Todos los días iba a la cancha y me ponía a hacer puntería pateando desde afuera del área mayor. Le apuntaba a los viejos postes cuadrados de madera, también al travesaño, pero con poca fortuna, ya que casi nunca les pegaba. Bah, fortuna. La mala puntería o manera de entrarle a la pelota hacía que se fuera por arriba o por los costados de la valla. Diez, y cien veces lo intentaba, pero la pelota nuca regresaba a mí porque jamás rebotaba en los maderos. Allá iba yo, a buscar la pelota detrás del arco, en donde los yuyos ya estaban a mi altura.


Cierta vez llegue a la cancha con una chomba en la mano, recuerdo que era de color lila, o violeta, la misma que usaba el Bati en la Fiorentina, y con otra camiseta puesta, la del Cruz Azul, que no sé quién me la había regalado. Me la saque, y a duras penas, por mi escaza altura, las colgué una en cada ángulo del arco para apuntarles con mis disparos, para ver si podía pegarles, y ver como la pelota “se clavaba en el ángulo superior”, como escuchaba decir a los relatores por la radio.
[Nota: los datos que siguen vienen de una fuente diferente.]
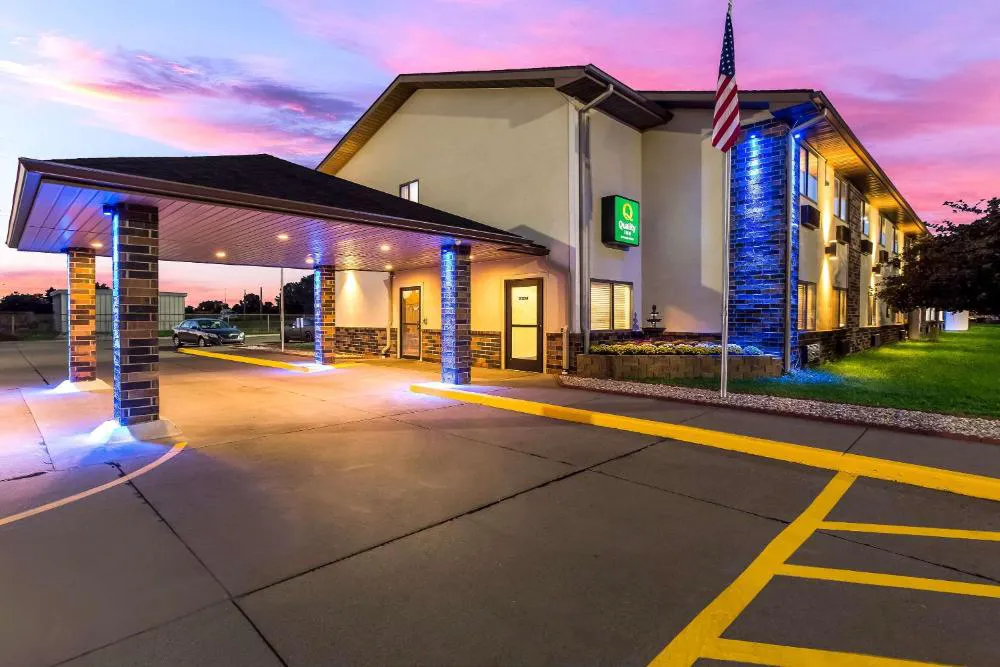 Quality Inn Galesburg near US Highway 34 and I-74 hotel hero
Uno y cincuenta tiros más intentándolo.


Uno y cincuenta veces fui a buscar la pelota, la que se perdía en aquel cardal que crecía año tras año detrás del arco norte. Ese mismo cardal que ya había sacado su flor de color púrpura. Ese pinchudo cardal que me rayaba las piernas y la espalda cuando me rosaban con sus espinas.
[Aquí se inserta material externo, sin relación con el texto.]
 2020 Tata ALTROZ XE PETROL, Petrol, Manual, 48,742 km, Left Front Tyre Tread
Había miles y miles de flores de cardos. Similar cantidad a mis tiros errados.

Cardal en flor, que cuando lo miraba desde afuera del área, y a punto de pegarle a la pelota, me imaginaba que eran las cabezas de los hinchas. Una hinchada que tenía los mismos colores de una de las chombas que había colgado en el ángulo del arco, la lila.


Cardal en flor que era el único testigo de aquellos pelotazos errados por decenas y decenas.


Me seguía cocinando, con mi espalda curtida de tantas siestas bajo el sol, y dale que te dale pegándole una y otra vez tratando de meter la pelota en los ángulos donde estaban las remeras. Solo me detenía para mojarme la cabeza en el pico que estaba entre los dos bancos de suplentes.


El sol partía la tierra, y mis erráticos tiros no desalentaban mi ilusión de clavarla en el ángulo. Solo pensaba, que suerte que nadie andaba por ahí, que ningún vecino miraría y se burlaría de mi pésima puntería. Hasta que sucedió lo que estaba buscando.


En mi tiro número trecientos veintisiete la pelota viajo como nunca. Le entre con el botín bien abierto, acompañándola hasta que la pierna no pudiera extenderse más. Ahí iba la pelota, viajando como nunca lo había hecho antes, ilusionada y decidida a que esta vez sí, esta vez sí entraría por el ángulo superior derecho y se enredaría con la remera de color lila.


Pude ver como la remera abrazaba a la pelota, la que inflaba de gol aquel trapo italiano. Por primera vez lo había logrado. La pelota quedo envuelta como para regalo con aquella camiseta goleadora. No había tocado el suelo, y yo cerré los ojos escuchando aquellos viejos relatores, “¡¡¡…y la pelota se clavó en el ángulo superior derecho, qué golazo señores, que manera tan maravillosa de pegarle al balón…!!!”.


Una fresca brisa del sur que envolvió mi acalorado cuerpo, me hizo abrir los ojos, y así pude ver como las flores púrpuras del cardal se movían de una lado hacía el otro como festejando aquel golazo que solo yo pude ver. Qué pena, pensé, nadie pasó para ver tremendo gol, no tengo un testigo ocasional para que luego lo cuente y tenga quien confirme que había podido hacer el golazo que siempre soñaba.


Ahí estaba sin testigos, con el calor que ya no era tan abrazador, solo con la pelota y el cardal de fondo.


Qué pena, los cardo vieron ese golazo, ellos fueron los únicos testigo. Si tan solo pudieran contar lo que hice, lo que solo ellos pudieron ver.